/---

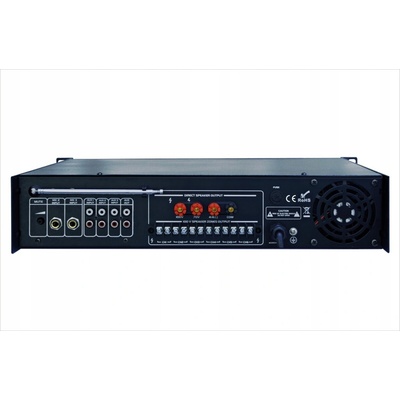 Rhsound Zesilovač Rh Sound ST-2350BC/MP3
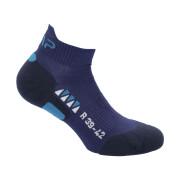 Chaussettes CMP Skinlife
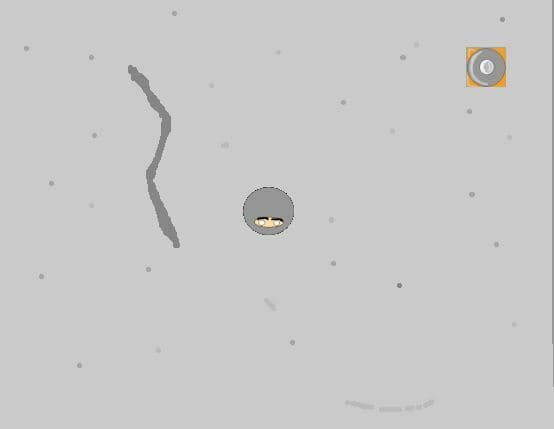 RoBattle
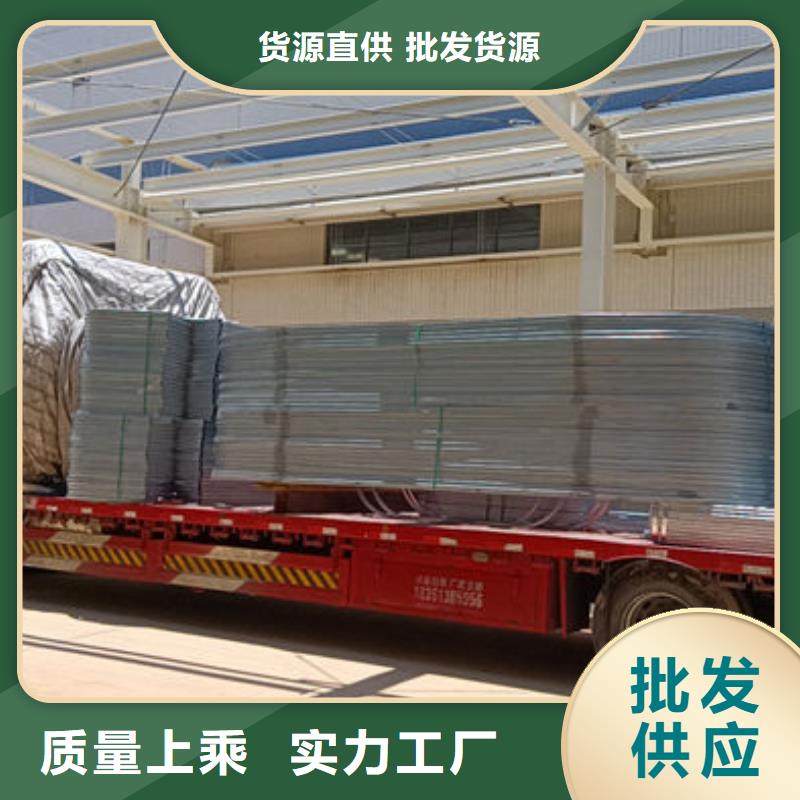 廠房通風(fēng)氣樓價(jià)格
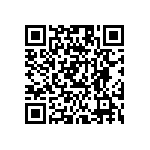 LT1019IN8-4-5-PBF QRCode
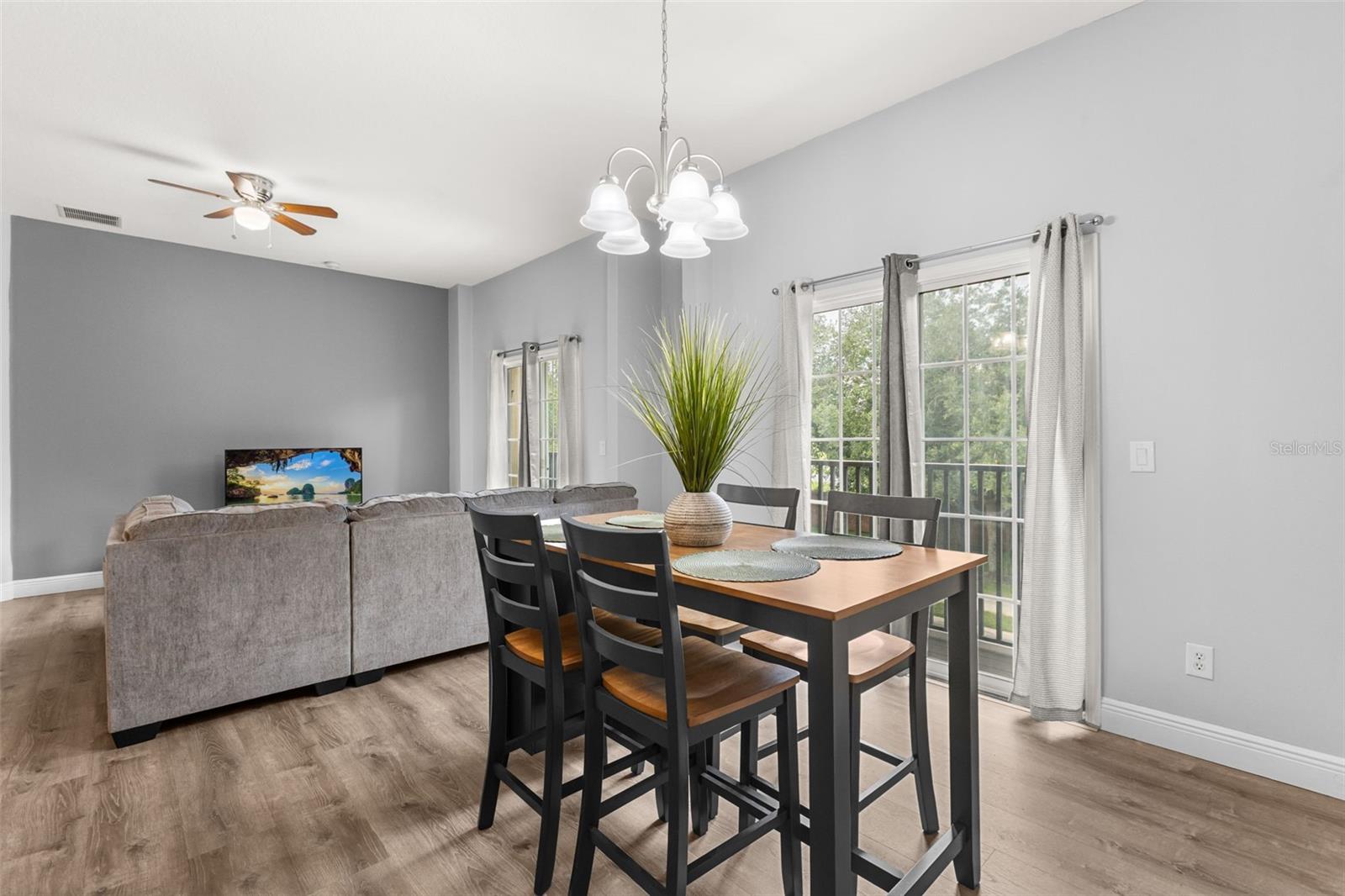 2026 ESTANCIA CIR #A, KISSIMMEE, FL — photo 8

\---

* **WORK TO BE COMPLETED**:
From the line that contains "Chaussettes CMP Skinlife" to the last line of the records above, copy each line exactly, both ends included, and leave the pictures out.

* **EXERCISE RESPONSE**:
 Chaussettes CMP Skinlife
 RoBattle
 廠房通風(fēng)氣樓價(jià)格
 LT1019IN8-4-5-PBF QRCode
 2026 ESTANCIA CIR #A, KISSIMMEE, FL — photo 8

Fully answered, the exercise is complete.